It was immediately clear that the pandemic, in addition to being a huge health event, was an economic event. We forget now because the down was so brief and the up was so dramatic. We forget that the markets almost melted down in the Spring of 2020 and the economy came to a complete halt.

The economy for one, if you mentioned it during those early months in the pandemic in 2020, you were accused of not caring about people's lives. But the economy is people's lives. It is people's ability to make a living, to feed their family, to hope for the future. 

The other thing that immediately became polarizing were the mitigation measures. In early 2020, I was arguing that we needed to get children back in school as quickly as possible. And a longtime friend of mine sent me a tweet saying, I did not know you were a Trump voter. And I thought, how insane it is that our views on mitigation measures seem to be tied to our politics. If someone told you that how you should treat prostate cancer should be a matter of your political beliefs, you would say, that is insane. But we quickly hunkered down in these ideological fortresses where if you believed in wearing a mask and you believed in lockdowns, well, then you were a good progressive. And if you did not, then you must be a Republican.

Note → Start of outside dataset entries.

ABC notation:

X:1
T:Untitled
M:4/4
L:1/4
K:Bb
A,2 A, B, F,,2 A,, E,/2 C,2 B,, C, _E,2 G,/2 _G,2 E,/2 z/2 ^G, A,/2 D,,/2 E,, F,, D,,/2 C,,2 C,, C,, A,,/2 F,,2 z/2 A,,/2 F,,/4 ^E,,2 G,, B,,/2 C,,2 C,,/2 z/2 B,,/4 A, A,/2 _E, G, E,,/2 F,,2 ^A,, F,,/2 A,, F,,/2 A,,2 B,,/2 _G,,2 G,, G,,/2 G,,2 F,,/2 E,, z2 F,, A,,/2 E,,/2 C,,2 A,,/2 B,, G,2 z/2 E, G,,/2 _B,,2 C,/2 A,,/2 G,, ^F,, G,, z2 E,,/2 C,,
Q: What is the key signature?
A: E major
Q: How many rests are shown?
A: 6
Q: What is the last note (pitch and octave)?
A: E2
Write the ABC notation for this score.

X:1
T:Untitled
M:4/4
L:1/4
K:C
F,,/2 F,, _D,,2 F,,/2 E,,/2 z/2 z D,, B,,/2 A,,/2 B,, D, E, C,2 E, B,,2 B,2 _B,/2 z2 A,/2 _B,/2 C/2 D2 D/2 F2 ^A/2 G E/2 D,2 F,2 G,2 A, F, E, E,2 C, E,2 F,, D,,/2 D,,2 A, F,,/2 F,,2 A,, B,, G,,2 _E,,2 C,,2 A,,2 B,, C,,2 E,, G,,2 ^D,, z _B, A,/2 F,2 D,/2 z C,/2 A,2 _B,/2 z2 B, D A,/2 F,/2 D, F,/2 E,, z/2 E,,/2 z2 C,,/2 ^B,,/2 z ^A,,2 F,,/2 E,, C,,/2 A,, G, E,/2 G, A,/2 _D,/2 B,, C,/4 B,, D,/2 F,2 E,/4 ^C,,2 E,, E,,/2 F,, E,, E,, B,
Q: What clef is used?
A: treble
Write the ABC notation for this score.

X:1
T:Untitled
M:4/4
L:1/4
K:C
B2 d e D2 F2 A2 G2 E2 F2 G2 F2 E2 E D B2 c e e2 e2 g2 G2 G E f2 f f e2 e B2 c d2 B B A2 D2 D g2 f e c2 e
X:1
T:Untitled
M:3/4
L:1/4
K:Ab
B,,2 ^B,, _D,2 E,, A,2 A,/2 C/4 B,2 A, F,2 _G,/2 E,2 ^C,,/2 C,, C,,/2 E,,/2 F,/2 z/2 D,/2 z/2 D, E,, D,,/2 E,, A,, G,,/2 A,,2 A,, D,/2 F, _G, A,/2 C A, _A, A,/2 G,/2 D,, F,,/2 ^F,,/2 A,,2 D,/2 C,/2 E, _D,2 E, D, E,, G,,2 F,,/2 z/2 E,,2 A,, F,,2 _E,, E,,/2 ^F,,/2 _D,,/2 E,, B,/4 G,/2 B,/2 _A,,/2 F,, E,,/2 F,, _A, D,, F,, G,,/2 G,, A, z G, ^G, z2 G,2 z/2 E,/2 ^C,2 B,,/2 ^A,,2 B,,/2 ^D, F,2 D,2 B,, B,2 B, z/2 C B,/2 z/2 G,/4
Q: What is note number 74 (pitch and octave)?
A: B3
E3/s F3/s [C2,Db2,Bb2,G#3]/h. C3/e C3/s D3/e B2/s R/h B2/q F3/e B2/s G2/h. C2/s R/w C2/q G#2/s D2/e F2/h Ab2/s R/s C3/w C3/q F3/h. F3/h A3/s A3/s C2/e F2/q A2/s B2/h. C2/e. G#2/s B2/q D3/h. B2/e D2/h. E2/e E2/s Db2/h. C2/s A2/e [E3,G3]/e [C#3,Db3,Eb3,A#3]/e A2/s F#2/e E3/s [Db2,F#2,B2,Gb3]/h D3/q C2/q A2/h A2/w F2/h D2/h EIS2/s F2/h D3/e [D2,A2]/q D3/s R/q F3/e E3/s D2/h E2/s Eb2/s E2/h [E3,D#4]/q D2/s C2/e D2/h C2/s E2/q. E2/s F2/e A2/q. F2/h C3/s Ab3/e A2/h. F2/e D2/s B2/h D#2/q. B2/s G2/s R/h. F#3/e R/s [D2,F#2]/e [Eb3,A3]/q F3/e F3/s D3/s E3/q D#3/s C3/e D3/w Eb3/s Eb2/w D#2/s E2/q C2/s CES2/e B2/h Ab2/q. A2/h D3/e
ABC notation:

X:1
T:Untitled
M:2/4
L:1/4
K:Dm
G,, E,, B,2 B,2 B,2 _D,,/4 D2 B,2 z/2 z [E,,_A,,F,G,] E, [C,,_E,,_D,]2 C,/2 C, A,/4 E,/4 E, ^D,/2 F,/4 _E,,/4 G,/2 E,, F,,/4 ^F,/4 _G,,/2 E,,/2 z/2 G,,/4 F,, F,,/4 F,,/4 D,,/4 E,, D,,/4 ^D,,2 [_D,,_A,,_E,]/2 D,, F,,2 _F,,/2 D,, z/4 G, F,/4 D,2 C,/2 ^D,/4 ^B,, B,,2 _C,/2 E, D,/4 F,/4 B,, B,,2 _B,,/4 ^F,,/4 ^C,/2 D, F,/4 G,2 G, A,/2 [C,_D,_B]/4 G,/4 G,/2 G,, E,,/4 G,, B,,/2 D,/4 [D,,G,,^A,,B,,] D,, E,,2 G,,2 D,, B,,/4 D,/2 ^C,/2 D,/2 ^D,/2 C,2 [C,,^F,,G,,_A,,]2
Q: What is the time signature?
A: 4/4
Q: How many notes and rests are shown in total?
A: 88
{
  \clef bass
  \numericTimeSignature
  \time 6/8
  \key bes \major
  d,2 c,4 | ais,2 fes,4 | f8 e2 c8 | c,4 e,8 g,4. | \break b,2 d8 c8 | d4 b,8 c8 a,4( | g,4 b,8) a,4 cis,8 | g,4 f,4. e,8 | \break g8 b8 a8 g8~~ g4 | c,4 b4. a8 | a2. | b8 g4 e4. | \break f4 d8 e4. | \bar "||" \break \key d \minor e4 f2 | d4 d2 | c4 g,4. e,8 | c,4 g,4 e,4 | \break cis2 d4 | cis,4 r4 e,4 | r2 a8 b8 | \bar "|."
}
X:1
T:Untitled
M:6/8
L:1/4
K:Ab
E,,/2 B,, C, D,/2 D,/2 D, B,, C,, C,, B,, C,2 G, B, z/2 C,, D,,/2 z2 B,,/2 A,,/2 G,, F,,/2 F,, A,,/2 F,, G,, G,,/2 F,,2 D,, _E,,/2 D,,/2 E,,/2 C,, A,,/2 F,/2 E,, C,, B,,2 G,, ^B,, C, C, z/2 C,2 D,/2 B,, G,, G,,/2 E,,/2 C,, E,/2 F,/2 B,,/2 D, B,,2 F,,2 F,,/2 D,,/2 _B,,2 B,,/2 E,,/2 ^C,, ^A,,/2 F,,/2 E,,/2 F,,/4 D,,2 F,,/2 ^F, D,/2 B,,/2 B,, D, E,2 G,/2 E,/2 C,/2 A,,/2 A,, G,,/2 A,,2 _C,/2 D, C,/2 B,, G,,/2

The pandemic also brought up what do we mean when we talk about the free market? There is really no such thing as a free market. If you think about the rules that dictate how our free market functions, whether it is the existence of bankruptcy laws or the existence of a limited liability corporation, those are gifts that society gives to business to allow it to function. There is no place where these things intersect more painfully and profoundly than in healthcare.

Joe and I wanted to focus on supply chains. We all know that when the pandemic hit, you could not get gloves, you could not get masks. The shortages and semiconductor chips became a huge problem. We write about the Wild West that the PPE black market became. I do not know what the balance is between government intervention and the functioning of the market. But clearly America's policies have not worked out perfectly. 

Another thing we wanted to tackle was the Federal Reserve. In the decade after the financial crisis, what are the distortions from the years of ultra-low interest rates? How dangerous is this moral hazard? And who benefits when the Fed steps in to cut rates and engage in quantitative easing. It turns out that the rich benefit far more than the poor because rising asset price benefit the rich. 

People who have read my book have said, I cannot tell what your politics are. And I say, thank goodness, that is the way it should be. But it is still a question nobody wants to ask. How successful were masks? How successful were our mitigation efforts? The short answer is we do not know because we are not willing to look. 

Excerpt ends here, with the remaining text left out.